* **Assignment**
Give again, unchanged, the line that contains "Imagen del altercado" together with every line that follows it until the entries end.

Stored data entries:
——
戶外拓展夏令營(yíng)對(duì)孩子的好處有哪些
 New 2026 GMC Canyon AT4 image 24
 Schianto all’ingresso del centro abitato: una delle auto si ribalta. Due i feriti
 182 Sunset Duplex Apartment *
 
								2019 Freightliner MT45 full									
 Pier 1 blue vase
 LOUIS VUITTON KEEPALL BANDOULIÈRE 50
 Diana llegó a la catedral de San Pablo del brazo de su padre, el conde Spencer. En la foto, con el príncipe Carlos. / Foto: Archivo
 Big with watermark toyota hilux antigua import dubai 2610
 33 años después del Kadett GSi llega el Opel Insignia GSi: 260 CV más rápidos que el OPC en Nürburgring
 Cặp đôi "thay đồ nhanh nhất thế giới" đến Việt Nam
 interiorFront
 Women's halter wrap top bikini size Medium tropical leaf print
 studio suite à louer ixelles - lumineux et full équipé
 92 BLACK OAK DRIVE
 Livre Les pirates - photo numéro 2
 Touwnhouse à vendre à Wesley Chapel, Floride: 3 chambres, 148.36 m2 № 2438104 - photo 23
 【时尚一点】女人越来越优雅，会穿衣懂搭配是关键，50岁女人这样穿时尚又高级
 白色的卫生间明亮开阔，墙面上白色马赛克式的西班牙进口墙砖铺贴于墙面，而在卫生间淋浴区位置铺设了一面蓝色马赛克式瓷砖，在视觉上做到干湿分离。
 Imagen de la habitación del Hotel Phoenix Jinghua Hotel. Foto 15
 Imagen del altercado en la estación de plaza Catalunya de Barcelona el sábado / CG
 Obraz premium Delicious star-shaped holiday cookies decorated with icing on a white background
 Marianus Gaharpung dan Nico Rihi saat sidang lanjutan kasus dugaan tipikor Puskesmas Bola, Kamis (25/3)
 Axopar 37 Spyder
——
* **Your solution**
 Imagen del altercado en la estación de plaza Catalunya de Barcelona el sábado / CG
 Obraz premium Delicious star-shaped holiday cookies decorated with icing on a white background
 Marianus Gaharpung dan Nico Rihi saat sidang lanjutan kasus dugaan tipikor Puskesmas Bola, Kamis (25/3)
 Axopar 37 Spyder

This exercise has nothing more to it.